Dear Commons Community,
As school districts prepare for the New York State standardized testing season in April, it appears that teachers in some schools are being warned not to speak out against the tests. Last year, about 20 percent of the students opted out of taking these tests. As reported in the New York Times:
“Since the revolt by parents against New York State’s reading and math tests last year, education officials at the state level have been bending over backward to try to show that they are listening to parents’ and educators’ concerns.
The tests, which are given to third through eighth graders and will begin this year on April 5, were shortened, time limits were removed, and the results will not be a factor in teacher evaluations, among other changes.
On Monday, Betty A. Rosa, the newly elected chancellor of the Board of Regents and the state’s highest education official, even said that if she had children of testing age, she would have them sit out the exams.
The message, clearly, is: We hear you.
But in New York City, the Education Department seems to be sending a different message to some teachers and principals: Watch what you say.
At a forum in December, Anita Skop, the superintendent of District 15 in Brooklyn, which had the highest rate of test refusals in the city last year, said that for an educator to encourage opting out was a political act and that public employees were barred from using their positions to make political statements.
On March 7, the teachers at Public School 234 in TriBeCa, where only two students opted out last year, emailed the school’s parents a broadside against the tests.
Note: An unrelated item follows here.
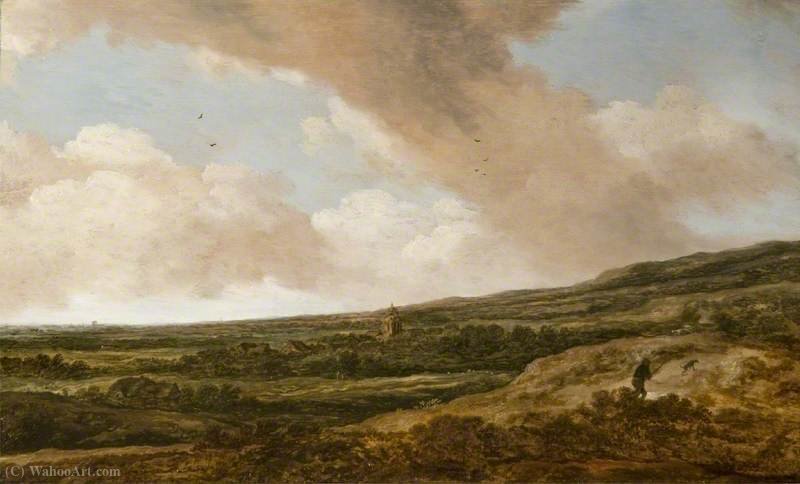 Landscape With A Huntsman — Pieter De Molyn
The email said the exams hurt “every single class of students across the school” because of the resources they consumed.
But 10 days later, when dozens of parents showed up for a PTA meeting where they expected to hear more about the tests, the teachers were nowhere to be seen. The school’s principal explained that “it didn’t feel safe” for them to speak, adding that their union had informed them that their email could be considered insubordination. The principal, Lisa Ripperger, introduced an official from the Education Department who was there to “help oversee our meeting.”
Several principals said they had been told that they and their teachers should not encourage opting out. There were no specific consequences mentioned, but the warnings were enough to deter some educators.
Devora Kaye, a spokeswoman for the Education Department, said that teachers were free to express themselves on matters of public concern as private citizens, but not as representatives of the department, and that if they crossed that line they could be disciplined. Asked what the disciplinary measures might be, Ms. Kaye said they were determined case by case.”
This is an interesting development and seems to be indicative of a policy directive that is being restrictive of free speech. Testing is first and foremost an educational activity and it would seem that teachers have a right to speak their minds about it.
It remains to be seen how this will play out. It is my sense that with the accommodations made by the NYS Department of Education, not as many parents will opt-out of the standardized tests compared to last year. However, the opt-out movement will still be a visible force across the state.